» About this exercise:
Pictures excluded, retype the lines from the one containing "Muntele sfânt al" through the last line of the data below, both included.

» Provided material:
*** Begin section ***

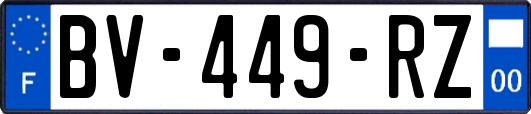 BV-449-RZ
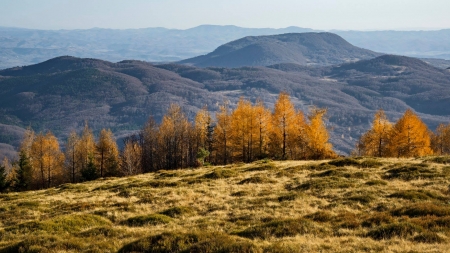 Muntele sfânt al Maramureșului, numit „Șatra”. Care este istoria mai puțin știută despre acest obiectiv turistic, unic și inedit (FOTO)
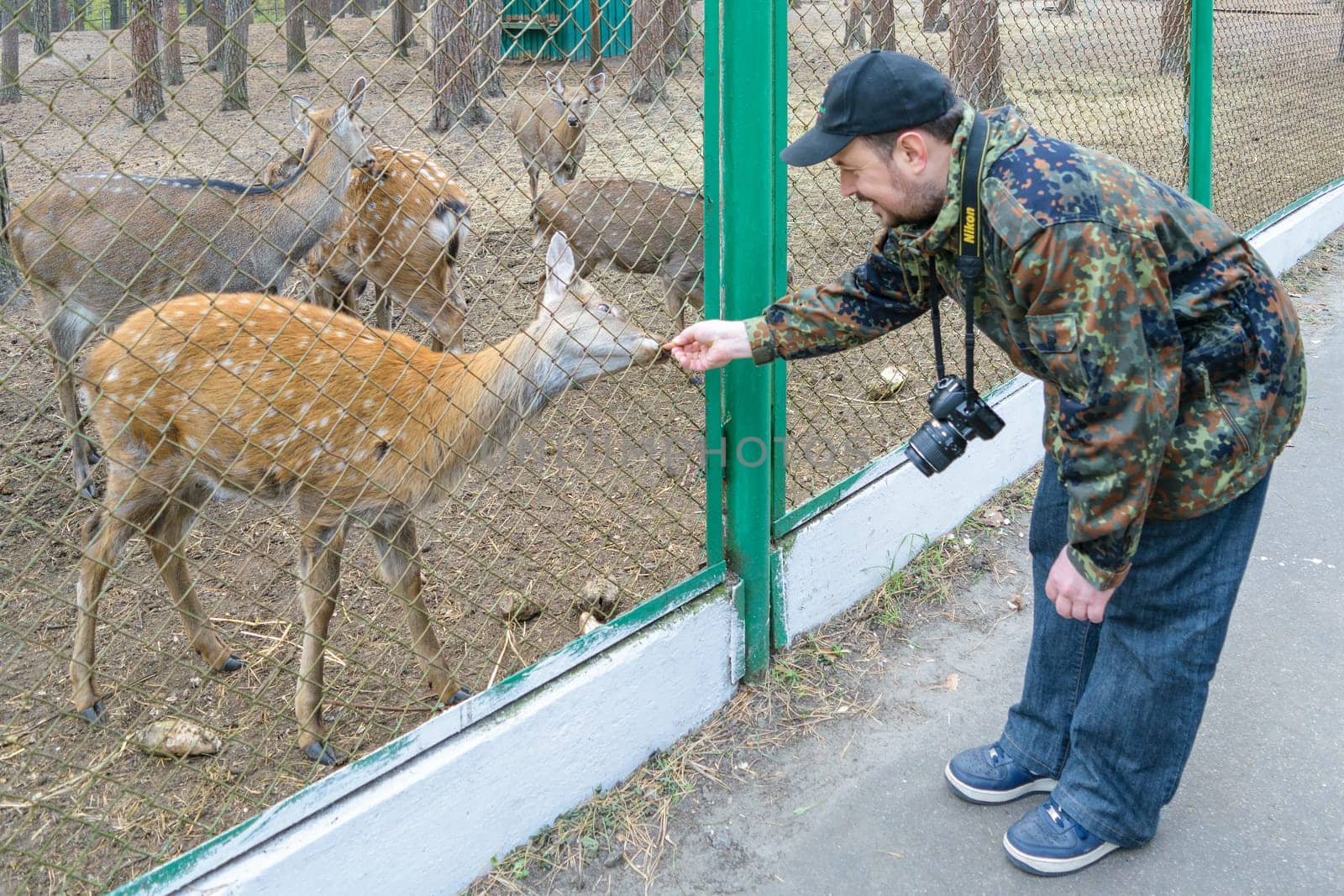 Orel, Russia - October 18, 2015: Photographer with a Nikon camera feeds deer in the national park "Orlovskoye Polesie"""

*** End section ***

» Task output:
 Muntele sfânt al Maramureșului, numit „Șatra”. Care este istoria mai puțin știută despre acest obiectiv turistic, unic și inedit (FOTO)
 Orel, Russia - October 18, 2015: Photographer with a Nikon camera feeds deer in the national park "Orlovskoye Polesie"""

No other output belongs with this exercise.